I'm not sure that's true. In fact, I would go so far as to say for some programs, it's the opposite.

In the example I describe above (forgetting about lambda functions or anything like that) I'm shipping a program that consumes a small set of very rigid input options. I consume a single array of strings that need to resolve to file paths.

That's incredibly easy to validate: that's the type of limited input where I can be pretty certain that my program will not have any bugs or vulnerabilities around the input. It's also an incredibly simple API to teach to users, it's literally one option. And importantly, my program is still pretty powerful -- you can do whatever you need to do to get that file list without me needing to extend what input I accept.

I can't think of a good way to convert that to a pure JSON/YAML config without either making my software more error prone or making my software much less useful.

If returning lambda functions from a config file scares you, forcing the config to be a static object literal but allowing that object literal to be generated at runtime will still (often) result in a runtime that is less error prone, easier to validate, and easier to debug when something goes wrong. This is because at the end of the user's dynamic config, they'll still be returning a small, easy-to-understand object literal -- whatever logic was used to build it.

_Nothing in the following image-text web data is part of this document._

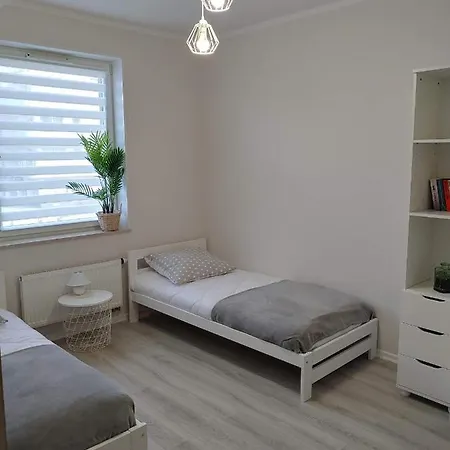 Apartment Apartament Piaskowa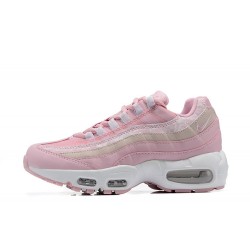 Air Max 95 TT Rosa Vit DC9474-500 Kvinnor Skor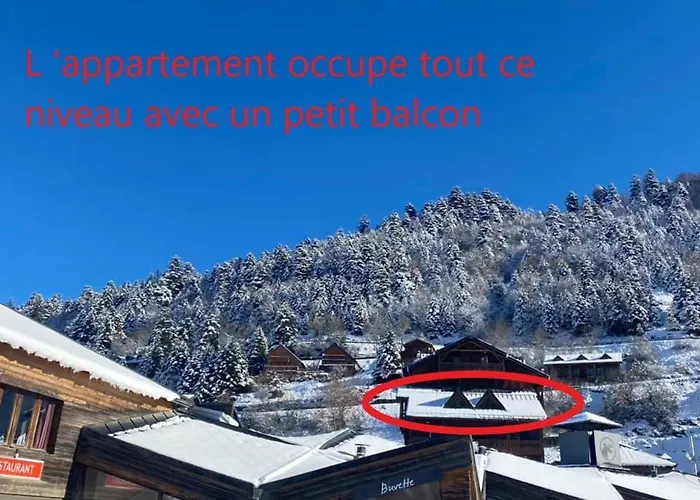 Pleine Nature Pied Pistes Piscine Chauffee * Ustou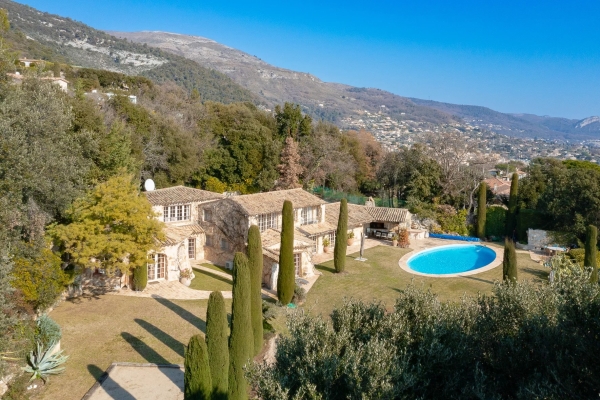 Maison de luxe à vendre à Tourrettes-sur-Loup, 4 250 000 €, Photo 7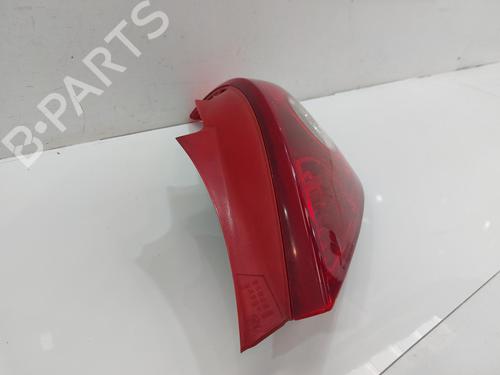 Right taillight VAUXHALL CORSA Mk III (D) (S07) 1.0 i 12V (L08) | BP26845268C35 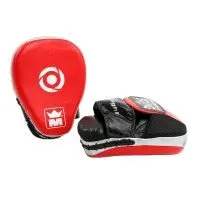 Manoplas de boxeo curvadas Montana talla M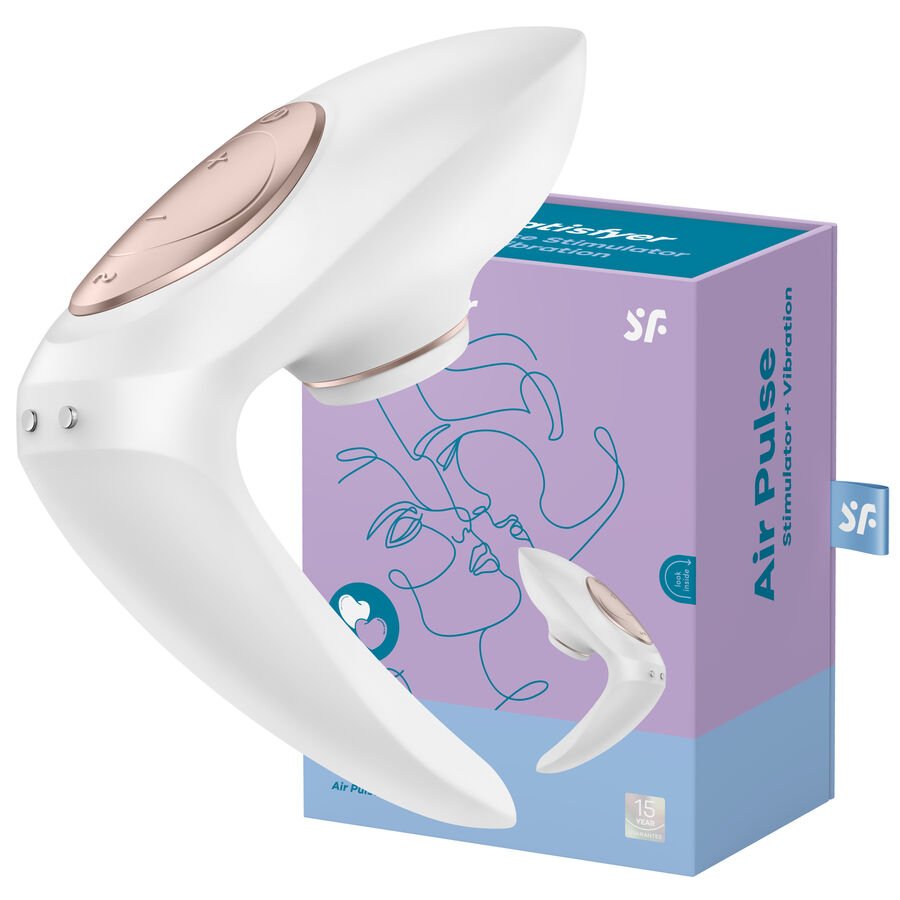 SATISFYER - PRO 4 COUPLES EDICIÓN 2020 - Image 5
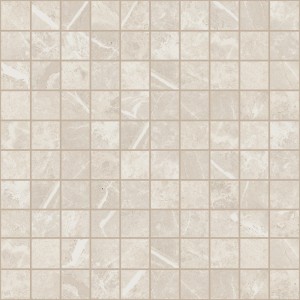 CERIM ELEMENTAL STONE MOSAICO WHITE DOLOMIA NATURALE 30X30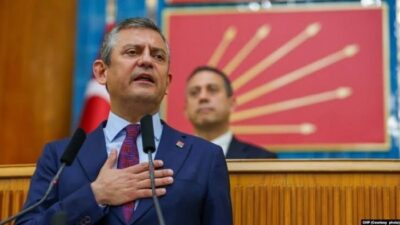 Son dakika haberi... YENİ Parti Genel Başkanı Özgür Özel, Bursa’da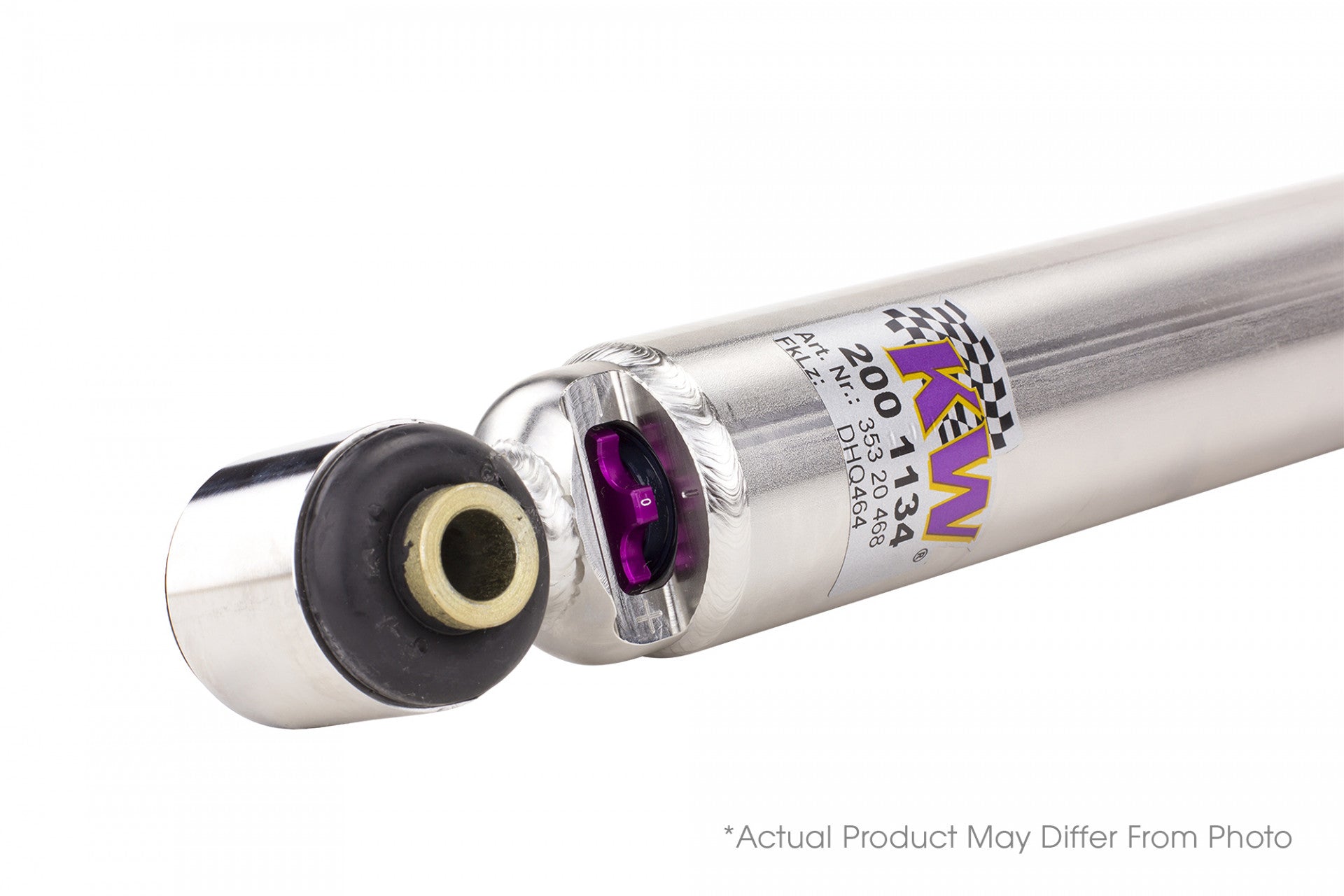 KW VARIANT 3 COILOVER KIT ( BMW 430 ) 352200CX 352200CY – image 4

If instead you put that logic in your main program, and you accept globs for files, and you start doing complicated things like allowing arrays of multiple globs and file excludes -- well, suddenly you have a big chunk of parsing logic in your main program that end-users can't debug when something goes wrong. It becomes harder to validate whether or not you have some bug around the order that patterns are passed to you, or whether there's an error if you try to use a globbed filepath as an excluded filepath, or whatever.

In other words, it is usually better to use procedural logic to generate declarative logic than it is to use declarative logic to generate procedural logic. Of course, your program might be simple enough that you can get away with a config file that's turned into a bunch of `if` statements when its parsed. But it probably would be simpler if you got rid of as much parsing code as possible and focused on more rigidly validating a smaller, stricter set of options.

> I can see providing a separate config editor program users can use to generate configs for your main program

If you ignore the stuff about lambda functions, that's exactly what we're doing. We're just piggybacking on a real language to do it instead of wasting time writing our own graphical/command-line utility.

----

Where returning functions is concerned:

> Either that, or what you are calling a "config" is really a plugin/extension/scripting system

I think this is a kind of blurry line. I'm not going to say there is no difference between a plugin system and a config, but I have run into programs that have both configs and plugin systems, and where the plugin system exists mostly to deal with the fact that the config API is not very useful.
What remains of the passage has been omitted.